▶ Task goal: Where "Young" appears in a line of the entries below, that line should be copied.

▶ Materials provided:
--------------------------------

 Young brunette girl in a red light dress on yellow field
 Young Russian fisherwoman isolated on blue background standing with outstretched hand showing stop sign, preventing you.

--------------------------------

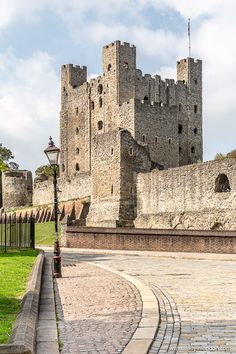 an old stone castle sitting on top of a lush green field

--------------------------------

▶ Written answer:
 Young brunette girl in a red light dress on yellow field
 Young Russian fisherwoman isolated on blue background standing with outstretched hand showing stop sign, preventing you.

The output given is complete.